Asking the Right Questions with Machine Learning Asking the Right Questions with Machine Learning
Chris Gropp, a PhD student at Clemson University, spoke at HPCC Systems Tech Talk 10, focusing on how to plan effectively at the start... Asking the Right Questions with Machine Learning

Chris Gropp, a PhD student at Clemson University, spoke at HPCC Systems Tech Talk 10, focusing on how to plan effectively at the start of a machine learning research project to achieve a successful outcome. This blog shares his experience on how to ask the right questions with machine learning, by taking a step back and carefully examining the requirements.

Chris Gropp’s PhD research project focused on using machine learning techniques to analyze text data in documents that may change over time. This project was successful, but as with most projects, it wasn’t without its challenges.
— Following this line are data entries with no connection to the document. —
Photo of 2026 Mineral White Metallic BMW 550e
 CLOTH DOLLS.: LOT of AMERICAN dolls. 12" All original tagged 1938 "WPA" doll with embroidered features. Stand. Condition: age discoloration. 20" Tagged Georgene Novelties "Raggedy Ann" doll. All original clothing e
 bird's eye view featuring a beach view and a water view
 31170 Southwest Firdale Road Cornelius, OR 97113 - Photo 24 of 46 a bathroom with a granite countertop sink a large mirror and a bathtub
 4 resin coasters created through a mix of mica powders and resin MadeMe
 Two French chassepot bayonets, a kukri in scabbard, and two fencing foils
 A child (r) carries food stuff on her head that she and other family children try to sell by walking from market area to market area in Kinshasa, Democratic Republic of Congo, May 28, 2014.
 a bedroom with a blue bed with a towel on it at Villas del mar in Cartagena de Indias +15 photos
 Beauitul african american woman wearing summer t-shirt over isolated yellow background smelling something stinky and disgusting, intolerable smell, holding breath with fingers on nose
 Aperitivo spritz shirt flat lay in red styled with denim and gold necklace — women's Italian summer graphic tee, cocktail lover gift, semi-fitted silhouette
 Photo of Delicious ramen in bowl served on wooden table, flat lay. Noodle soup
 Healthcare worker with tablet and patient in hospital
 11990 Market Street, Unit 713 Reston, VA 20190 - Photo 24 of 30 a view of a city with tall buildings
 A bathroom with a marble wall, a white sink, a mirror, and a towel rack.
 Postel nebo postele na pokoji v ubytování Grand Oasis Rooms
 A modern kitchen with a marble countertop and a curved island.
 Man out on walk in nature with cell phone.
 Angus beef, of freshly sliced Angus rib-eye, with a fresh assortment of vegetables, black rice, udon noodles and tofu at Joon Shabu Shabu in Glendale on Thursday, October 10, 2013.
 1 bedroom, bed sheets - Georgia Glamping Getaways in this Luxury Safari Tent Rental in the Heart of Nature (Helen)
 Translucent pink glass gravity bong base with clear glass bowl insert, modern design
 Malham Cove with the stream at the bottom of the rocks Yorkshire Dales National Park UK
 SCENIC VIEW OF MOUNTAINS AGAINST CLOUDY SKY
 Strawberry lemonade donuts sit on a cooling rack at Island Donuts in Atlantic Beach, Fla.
The lessons learned during this research project are ones with which many people will relate. Chris wanted to share with us and our community why it is important to ask the right questions when using machine learning, while also being very careful “what you ask for!”

His effective, simple and slightly exaggerated example, illustrates this point:

A Cautionary Tale

Imagine you have a text reading application. Your client wants to create something that reads text to the vision impaired. They have some still images that need to be converted into raw text data. The images may include, for example, legal documents, and so accuracy is very important. Guided by this, we choose accuracy as our key metric. Let’s consider what might be the perfect text reading method that satisfies the high level of accuracy required.

Suppose we take the image and email it to 100 grad students, offering Starbucks gift cards in return for transcriptions of the images. When enough responses that agree with each other have been received, they are used to create text.

If it takes longer than a specified amount of time to get a response from a student, just keep on sending it to more students until the required number of responses needed for the accuracy constraint have been received. Perfect solution, right? Of course not. This is not a good solution. It scores well on your metric, but does not solve the problem.

Let’s consider these additional questions:

  1. How long is someone using the system willing to wait for the transcript to come back? Probably not long at all.
  2. How much is the client prepared to pay for Starbucks gifts cards to get the verified transcripts? This could be a prohibitively expensive solution.

The Moral Of The Story – Make Sure You Know What You Actually Need!

In reality, there were two additional implied constraints that needed to be factored in. Instead of simply asking for the most accurate solution, what was needed was a solution that provided accurate results within a specified amount of time, without being prohibitively expensive.

Chris’s reflections on his own experience take us through his use of topic modeling, which he used to understand and summarize large collections of textual information. He takes us through the models he used and the problems he encountered along the way, which caused him to re-evaluate his methodology and identify a better solution.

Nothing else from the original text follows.